The first problem for Honda is that Section XVII, Note 2(b) says that "parts" for purposes of Chapter 87 does not include "parts of general use." The second problem is that parts of general use is defined to include fasteners of 7318. Thus, Honda can only win if the fastener is not also described in 7318. Unfortunately, the oil bolts, despite their name, satisfy the legal definition of screws of 7318.15.80 and nothing in the tariff language or Explanatory Notes excludes specialized or multifunction screws from classification in Heading 7318.
One interesting aspect of the decision is the Court's discussion of deference to Customs. Honda argued that Customs' decision was inconsistent with earlier rulings and, therefore, not entitled to deference. The Court looked at several prior rulings and distinguished them, effectively avoiding the deference question.
It strikes me that the distinctions are not very solid. For example, the Court says that in F88921, Customs said that the the washer in question did not appear to have the characteristics of parts of general use. Customs was probably wrong there. The issue of whether something is a part of general use has only to do with its tariff classification, not with whether it is generic versus dedicated to a specific use. I think the Federal Circuit might have done us a favor by looking at those ruling and saying they appear to be incorrect. The result would be that Customs' current inconsistent position would not be entitled to deference. But, that lack of deference would not have changed the result because the Court would have gotten there even without deferring to the agency decision. In other words, a lack of Skidmore deference does not necessarily produce a win for the plaintiff. It just makes the burden a little lower.
This is the kind of case we all hate to see. The underlying merits have to do with the tariff classification of conveyor belts. The question for our purposes is when may the Court grant summary judgment.
A bit of background may be in order. When a case is before a court, there are two types of questions: law and fact. The "evidence" provides answers to the factual questions. Evidence might consist of business records, testimony, product samples, or other information. Questions of law have to do with the proper interpretation of statutes (including the tariff schedule) and regulations. In the Court of International Trade, where jury trials are almost unheard of, the judge decides both questions of fact and law.

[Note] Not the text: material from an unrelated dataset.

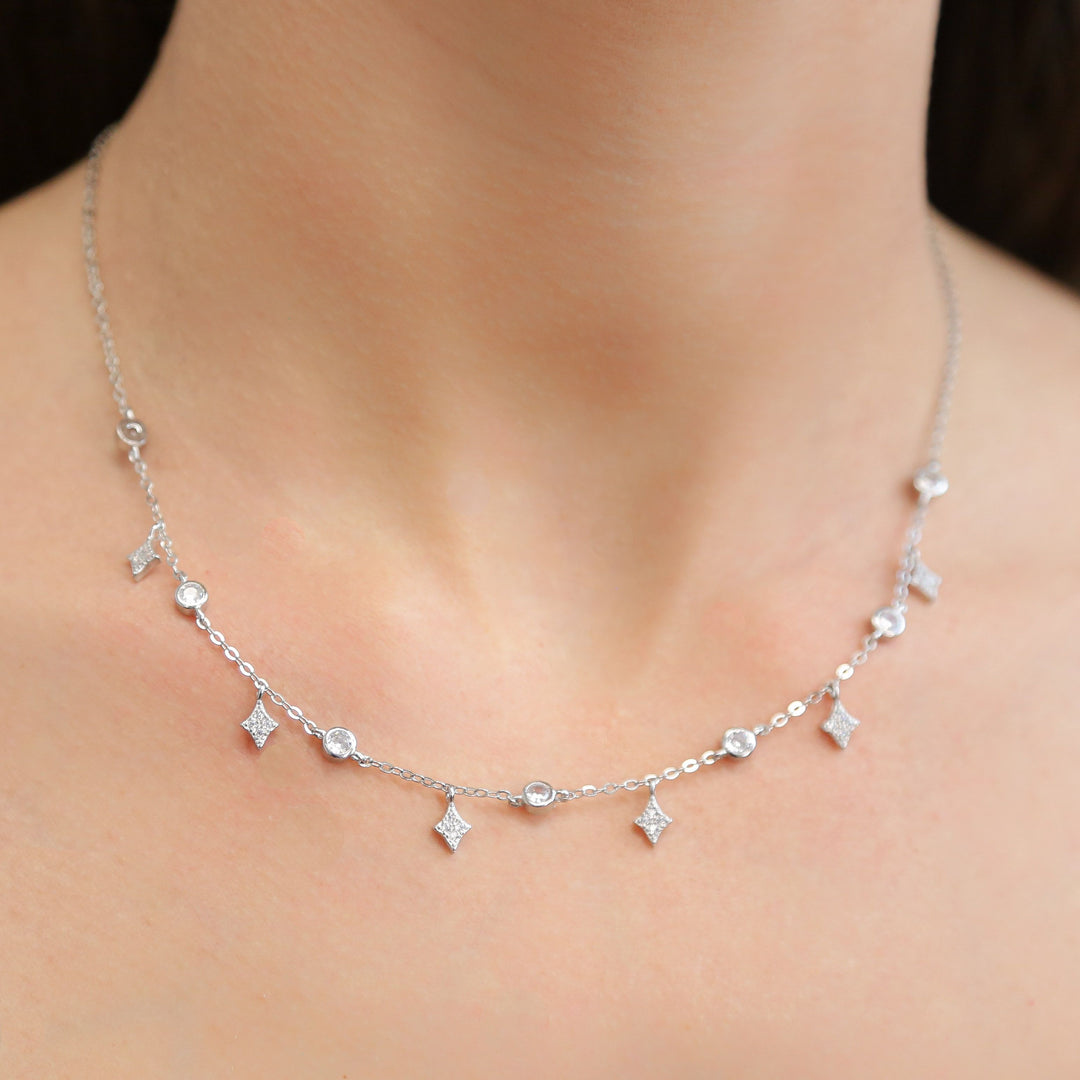 NOVA - Silver dainty chain Necklace with Cubic Zirconia Charms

In the typical classification case, there is usually no dispute as to the nature of the merchandise. That means there are often no material question of fact; only questions of law to be sorted out. If the only thing in question is the meaning of the law, either side can ask the court to issue a decision on summary judgment and, thereby, avoid the time and expense of a trial. As a guess, I would say that 95% of classification cases get resolved on summary judgment.
In this case, the plaintiff gave the government samples of some, but not all, of the merchandise at issue. Partially as a result of that decision, in its motion for summary judgment, the government argued that Sparks had failed to establish all the elements of its case. According to the government, that is grounds for summary judgment. Take note of that. The government's position is that if you seek summary judgment and fail to prove your own case, not only is your motion denied, but you lose the whole case.
That is contrary to what a lot of people might think. A simpler view would be that if you fail to prove your own case, then some question of fact remains for a trial. The proper result in that event would be for the judge to set the case down for trial. In other words, some people might think that a trial is the safety net under a weak motion for summary judgment.
Unfortunately, that is not the law. Remember, there are still no questions of fact. When a lawyer files a motion for summary judgment he or she is saying "Here are all the facts that matter, let's resolve this now." The risk is that the moving party has the burden of proof and failing to establish an essential element of the case on summary judgment is the same as saying it could not be proved at trial.. Thus, according to the Court of International Trade (relying on a Supreme Court decision called Celotex), "Summary judgment must be entered against a party who fails to make a showing sufficient to establish the existence of an essential element to its case."
Which brings us back to the samples. Spark did not put some samples into evidence. Samples are not required. But, in the absence of samples, the plaintiff will need testimony, business records, or other evidence to establish exactly what the merchandise is. Apparently, for some of the belting, Spark did not do that. As a result, the government simply sat back and said that Spark had failed to meet its burden of proof and, therefore, the government was entitled to summary judgment. The Court agreed.
On the classification of those products for which all the relevant facts were before the Court, one issue involved the proper application of legal Note 9 to Section XI, which is referenced in 5903.10.15. Another issue was whether there was sufficient evidence of the ability of the materials to bend around a 7 mm cylinder at the proper temperature. On these points, the government granted summary judgment to the government.